Pagination Optimization

Two approaches are described:

Delayed join : first fetch primary keys with a WHERE clause, then join back to the original table using those keys.

Bookmark method : locate the primary‑key value of the first row in the LIMIT window and filter by that value.

select * from table where type = 2 and level = 9 order by id asc limit 190289,10;
select a.* from table a, (select id from table where type = 2 and level = 9 order by id asc limit 190289,10) b where a.id = b.id;
select * from table where id > (select * from table where type = 2 and level = 9 order by id asc limit 190289,1) limit 10;

Index Optimization

Key points include using appropriate indexes, creating covering indexes to avoid table look‑ups, avoiding OR conditions before MySQL 5.0, and preferring index merges when possible. The article shows how to create a composite index for a query on city and name:

alter table test add index idx_city_name (city, name);

It also warns against using != or <> because they force full table scans, suggesting rewriting such predicates as range conditions combined with OR.

Prefix Indexes

When a column has a common suffix (e.g., email domains), a prefix index can reduce storage and improve lookup speed, though it cannot be used for ORDER BY or as a covering index.

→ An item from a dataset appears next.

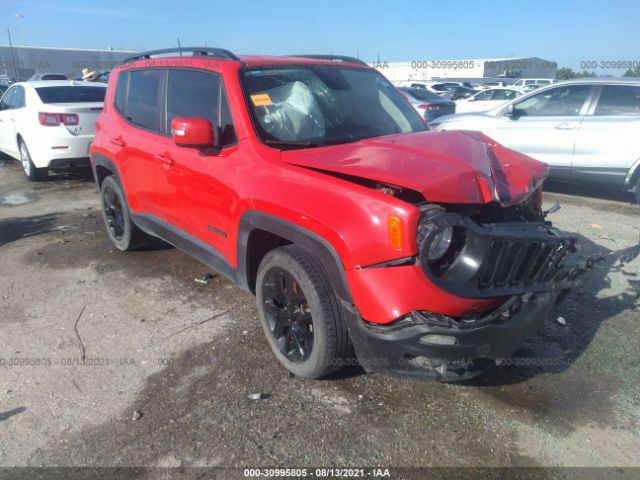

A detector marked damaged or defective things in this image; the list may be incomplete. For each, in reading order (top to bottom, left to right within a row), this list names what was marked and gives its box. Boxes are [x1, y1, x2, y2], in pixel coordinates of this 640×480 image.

crumpled hood [282, 130, 548, 207]
damaged front end [348, 196, 636, 382]
detached bumper piece [342, 292, 556, 382]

alter table test add index index2(email(6));

Selective Column Retrieval

Avoid SELECT *; specify only needed columns to reduce I/O and network bandwidth.

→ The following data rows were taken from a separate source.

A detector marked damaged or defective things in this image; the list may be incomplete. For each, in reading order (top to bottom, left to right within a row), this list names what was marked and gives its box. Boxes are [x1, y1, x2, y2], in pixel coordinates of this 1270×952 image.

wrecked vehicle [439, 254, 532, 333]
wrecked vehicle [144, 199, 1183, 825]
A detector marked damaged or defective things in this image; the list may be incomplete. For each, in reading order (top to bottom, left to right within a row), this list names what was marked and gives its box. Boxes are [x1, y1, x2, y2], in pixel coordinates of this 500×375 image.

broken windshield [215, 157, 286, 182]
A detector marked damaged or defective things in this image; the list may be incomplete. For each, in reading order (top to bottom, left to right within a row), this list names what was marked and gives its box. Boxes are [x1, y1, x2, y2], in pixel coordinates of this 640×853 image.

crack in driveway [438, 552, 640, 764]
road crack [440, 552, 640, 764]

Subquery and Join Optimization

Prefer JOIN over subqueries because subqueries create temporary tables. Use small tables to drive large tables, and ensure join columns are indexed. Adjust join_buffer_size carefully to avoid excessive memory consumption.

Sorting Optimization

Design indexes that match the ORDER BY clause so MySQL can produce ordered results directly from the index scan.

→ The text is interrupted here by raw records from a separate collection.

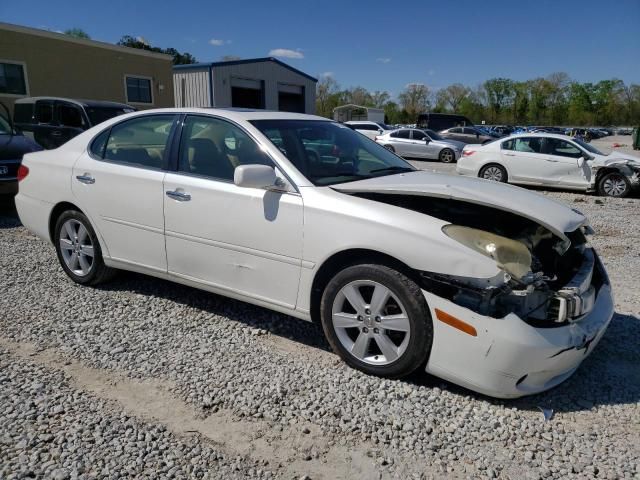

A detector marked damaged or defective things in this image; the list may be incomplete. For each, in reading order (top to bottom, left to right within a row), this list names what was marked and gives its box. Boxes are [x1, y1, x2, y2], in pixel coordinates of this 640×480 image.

crumpled hood [332, 171, 588, 242]
front-end collision damage [350, 191, 604, 326]
damaged headlight [442, 226, 532, 282]
cracked bumper [422, 256, 612, 400] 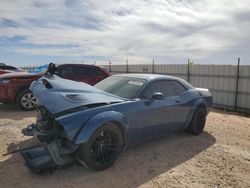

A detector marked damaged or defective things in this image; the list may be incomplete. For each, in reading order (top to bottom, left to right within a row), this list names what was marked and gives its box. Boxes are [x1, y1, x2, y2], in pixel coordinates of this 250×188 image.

detached bumper piece [20, 146, 56, 174]
crumpled front end [21, 106, 78, 174]
damaged blue dodge challenger [21, 67, 213, 173] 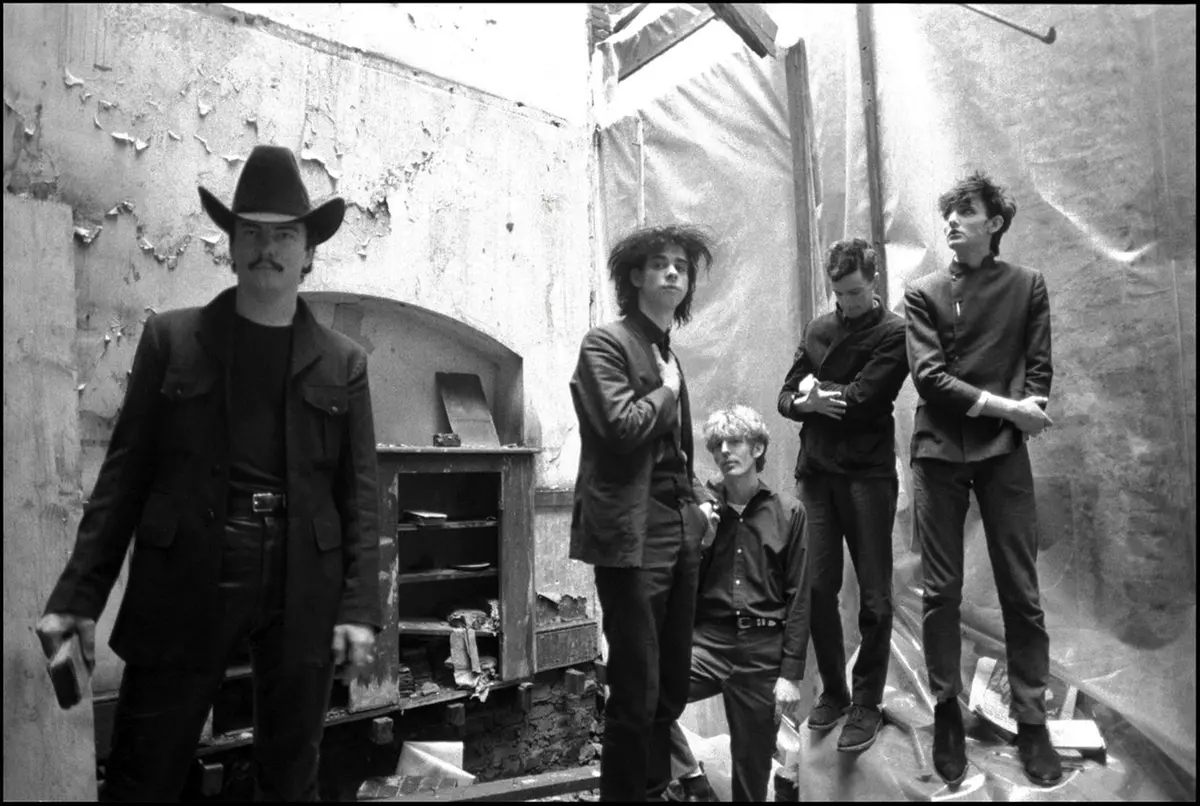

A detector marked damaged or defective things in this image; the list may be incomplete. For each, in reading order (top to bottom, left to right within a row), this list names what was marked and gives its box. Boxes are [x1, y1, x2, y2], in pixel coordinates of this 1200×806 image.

peeling plaster wall [1, 1, 600, 696]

-- create index (date, staff_id, customer_id)
select staff_id, customer_id from test where date = '2010-01-01' order by staff_id, customer_id;

UNION Optimization

Push WHERE and LIMIT clauses into each sub‑query, and use UNION ALL unless duplicate elimination is required.

Slow Query Log

Enable the slow‑query log with slow_query_log=1 and set an appropriate long_query_time. The article notes the performance impact of logging and advises cautious use in production.

Schema Design Optimization

Recommendations include avoiding NULL columns, using the smallest suitable data types, preferring INT over VARCHAR when possible, limiting TEXT columns, and applying sharding (splitting tables and databases) to reduce row counts per table.

Normalization levels are explained: 1NF (atomic fields), 2NF (eliminate partial dependencies), 3NF (remove transitive dependencies), with a note on the trade‑off of increased joins.

Hardware Optimization

Three hardware aspects affect MySQL performance:

Disk : Use high‑performance SSDs and consider multiple disks for parallel I/O.

Network : Ensure low latency and sufficient bandwidth; multiple NICs can help under heavy load.

Memory : Larger RAM allows more data caching, dramatically speeding up queries.

The article concludes with a brief invitation to follow the author’s WeChat channel for further discussion.